Politics and policy
Insecurity, high cost of land push property firms to ‘city villages’
While flats only provide a house floor, the gated community concept allows home-owners additional space and easy access to social amenities. Photo/PHOEBE OKALL
Posted Thursday, July 29 2010 at 00:00
Similar units in upmarket zones in Nairobi’s Kileleshwa, Lang’ata and Lavington are estimated to cost more than Sh6 million
“This project, the single largest, is expected to trigger price changes with the potential of lowering the prices, which, as a government, we are pushing for to enhance house ownership,” said Soita Shitanda, the minister for Housing.
Mr Shitanda indicated that the huge supply gap, land speculative practices, a tedious procurement, and archaic building code are pushing up the cost of housing.
Official figures put demand at 150,000 yearly units whereas the market can only supply 30,000 units.
Additional space
Mr Litiku reckons that the increased construction of gated communities is allowing developers to provide other social amenities as schools, health services, and recreational facilities such as gyms which minimise costs.

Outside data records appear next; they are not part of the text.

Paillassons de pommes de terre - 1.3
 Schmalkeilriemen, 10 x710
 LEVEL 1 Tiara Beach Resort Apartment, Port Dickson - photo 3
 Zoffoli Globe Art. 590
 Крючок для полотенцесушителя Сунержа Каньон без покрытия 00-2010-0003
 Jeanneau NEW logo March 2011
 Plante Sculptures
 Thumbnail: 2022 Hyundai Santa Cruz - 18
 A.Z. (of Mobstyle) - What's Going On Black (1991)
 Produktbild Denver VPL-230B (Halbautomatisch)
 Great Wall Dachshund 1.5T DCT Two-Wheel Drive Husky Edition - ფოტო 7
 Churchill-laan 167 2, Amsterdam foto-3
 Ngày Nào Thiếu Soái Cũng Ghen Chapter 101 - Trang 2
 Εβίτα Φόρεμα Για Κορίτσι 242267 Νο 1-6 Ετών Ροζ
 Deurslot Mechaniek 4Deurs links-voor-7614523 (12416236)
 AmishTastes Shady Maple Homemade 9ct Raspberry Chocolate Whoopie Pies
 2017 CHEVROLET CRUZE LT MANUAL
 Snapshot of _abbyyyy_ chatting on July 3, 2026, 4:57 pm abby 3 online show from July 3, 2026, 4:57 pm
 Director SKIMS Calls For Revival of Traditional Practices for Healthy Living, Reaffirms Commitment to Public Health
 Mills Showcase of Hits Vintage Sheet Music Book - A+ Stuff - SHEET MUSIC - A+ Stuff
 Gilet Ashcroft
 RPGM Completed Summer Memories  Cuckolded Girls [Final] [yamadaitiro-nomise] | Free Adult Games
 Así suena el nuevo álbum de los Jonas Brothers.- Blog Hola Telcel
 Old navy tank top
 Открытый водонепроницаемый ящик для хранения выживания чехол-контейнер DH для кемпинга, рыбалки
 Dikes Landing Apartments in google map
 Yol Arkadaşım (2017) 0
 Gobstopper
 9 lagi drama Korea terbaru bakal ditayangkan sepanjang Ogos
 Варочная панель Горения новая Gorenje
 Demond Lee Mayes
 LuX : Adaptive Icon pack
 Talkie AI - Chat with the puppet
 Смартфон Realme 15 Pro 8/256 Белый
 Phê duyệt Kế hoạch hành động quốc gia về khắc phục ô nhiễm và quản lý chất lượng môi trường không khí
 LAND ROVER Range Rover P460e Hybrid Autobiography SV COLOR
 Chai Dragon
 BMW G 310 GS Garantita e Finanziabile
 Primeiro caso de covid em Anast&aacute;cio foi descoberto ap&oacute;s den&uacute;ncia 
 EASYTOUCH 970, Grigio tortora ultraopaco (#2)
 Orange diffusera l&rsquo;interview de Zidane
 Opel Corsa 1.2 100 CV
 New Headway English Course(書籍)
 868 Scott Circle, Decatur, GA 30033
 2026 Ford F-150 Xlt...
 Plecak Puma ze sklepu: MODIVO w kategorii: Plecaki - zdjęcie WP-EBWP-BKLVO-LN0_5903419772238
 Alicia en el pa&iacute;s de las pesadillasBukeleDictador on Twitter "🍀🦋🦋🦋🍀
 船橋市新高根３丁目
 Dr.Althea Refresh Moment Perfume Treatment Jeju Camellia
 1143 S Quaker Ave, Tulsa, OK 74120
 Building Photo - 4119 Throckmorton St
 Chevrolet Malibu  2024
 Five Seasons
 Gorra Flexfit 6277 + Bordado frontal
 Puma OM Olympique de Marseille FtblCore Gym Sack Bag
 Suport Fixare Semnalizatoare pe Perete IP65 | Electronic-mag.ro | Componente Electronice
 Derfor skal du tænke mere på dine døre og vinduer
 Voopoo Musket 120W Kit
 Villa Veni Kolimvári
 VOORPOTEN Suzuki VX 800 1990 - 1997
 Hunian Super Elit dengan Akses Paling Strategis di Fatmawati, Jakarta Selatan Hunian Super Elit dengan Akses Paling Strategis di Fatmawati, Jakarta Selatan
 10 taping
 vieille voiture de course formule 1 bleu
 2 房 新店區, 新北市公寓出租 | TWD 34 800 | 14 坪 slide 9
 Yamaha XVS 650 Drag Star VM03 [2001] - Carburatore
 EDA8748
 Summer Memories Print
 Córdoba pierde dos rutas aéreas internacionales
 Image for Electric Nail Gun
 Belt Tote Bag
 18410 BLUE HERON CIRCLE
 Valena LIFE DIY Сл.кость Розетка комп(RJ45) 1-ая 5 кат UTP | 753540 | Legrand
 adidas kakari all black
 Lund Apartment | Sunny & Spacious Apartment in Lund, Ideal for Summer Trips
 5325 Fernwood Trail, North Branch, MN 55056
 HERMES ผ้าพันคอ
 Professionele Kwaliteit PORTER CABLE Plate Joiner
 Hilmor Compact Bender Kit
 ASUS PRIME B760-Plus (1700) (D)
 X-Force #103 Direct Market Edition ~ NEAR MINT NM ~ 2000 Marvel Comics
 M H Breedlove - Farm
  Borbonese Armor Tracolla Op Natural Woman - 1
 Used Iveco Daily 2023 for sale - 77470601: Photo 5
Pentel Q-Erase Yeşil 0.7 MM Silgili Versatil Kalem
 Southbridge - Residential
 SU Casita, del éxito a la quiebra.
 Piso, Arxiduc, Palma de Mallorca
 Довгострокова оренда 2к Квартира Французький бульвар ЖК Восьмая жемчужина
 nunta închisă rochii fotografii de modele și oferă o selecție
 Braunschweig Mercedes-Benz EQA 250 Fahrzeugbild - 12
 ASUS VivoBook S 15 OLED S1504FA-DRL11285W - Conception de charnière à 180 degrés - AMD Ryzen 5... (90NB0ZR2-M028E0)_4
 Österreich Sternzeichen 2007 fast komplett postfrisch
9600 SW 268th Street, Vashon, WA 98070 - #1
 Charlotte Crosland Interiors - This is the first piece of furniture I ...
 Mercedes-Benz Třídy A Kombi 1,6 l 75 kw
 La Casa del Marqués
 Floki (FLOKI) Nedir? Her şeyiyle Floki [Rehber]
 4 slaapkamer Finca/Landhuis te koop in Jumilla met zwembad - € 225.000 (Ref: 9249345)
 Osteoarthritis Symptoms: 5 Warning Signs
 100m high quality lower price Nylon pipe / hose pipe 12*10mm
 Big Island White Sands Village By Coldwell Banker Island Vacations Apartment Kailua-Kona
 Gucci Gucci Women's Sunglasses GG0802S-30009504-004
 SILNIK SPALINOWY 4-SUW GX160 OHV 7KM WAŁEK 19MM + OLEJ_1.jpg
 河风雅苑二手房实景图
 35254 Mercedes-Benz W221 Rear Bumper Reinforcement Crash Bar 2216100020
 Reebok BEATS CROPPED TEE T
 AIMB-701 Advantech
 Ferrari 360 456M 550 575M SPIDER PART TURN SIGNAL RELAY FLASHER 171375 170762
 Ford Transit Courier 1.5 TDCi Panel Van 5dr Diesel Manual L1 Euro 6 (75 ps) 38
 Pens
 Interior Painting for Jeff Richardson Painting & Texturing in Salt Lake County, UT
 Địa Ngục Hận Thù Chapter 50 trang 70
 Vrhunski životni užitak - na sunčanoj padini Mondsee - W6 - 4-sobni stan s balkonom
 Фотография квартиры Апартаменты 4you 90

According to Mr Dakane Ali, the managing director of Sahal Construction, the housing project will have a shopping centre, schools, a police post, and a medical centre.
It will have a solar system for warming water and street lighting.
Property developers are responding to the requirements and changing landscape of urban living to allow potential homeowners more than the house floor, the limiting environment characteristic of high-rise estates.
“The gated community concept allows home-owners to have additional space to their typical house-floor available in a high rise building, which only provide common open ground,” said Mr Litiku.
For along time, people valued privacy, hence the preference for ‘lonely’ homes, where residents were said to value not only pin-drop silence but exclusive serenity that define class, clout, and taste.
This is slowly changing thanks to the reality of a struggling economy marked by basic needs taste and rising insecurity.
Less turbulent access to the office and schools for children are also reducing the sheen of exclusivity.
Rising land prices have meant that potential buyers, more or less, pool resources together.
“Land prices within the urban areas have acquired a speculative drive, locking out many middle-income earners from buying such lands,” said Mr Shitanda.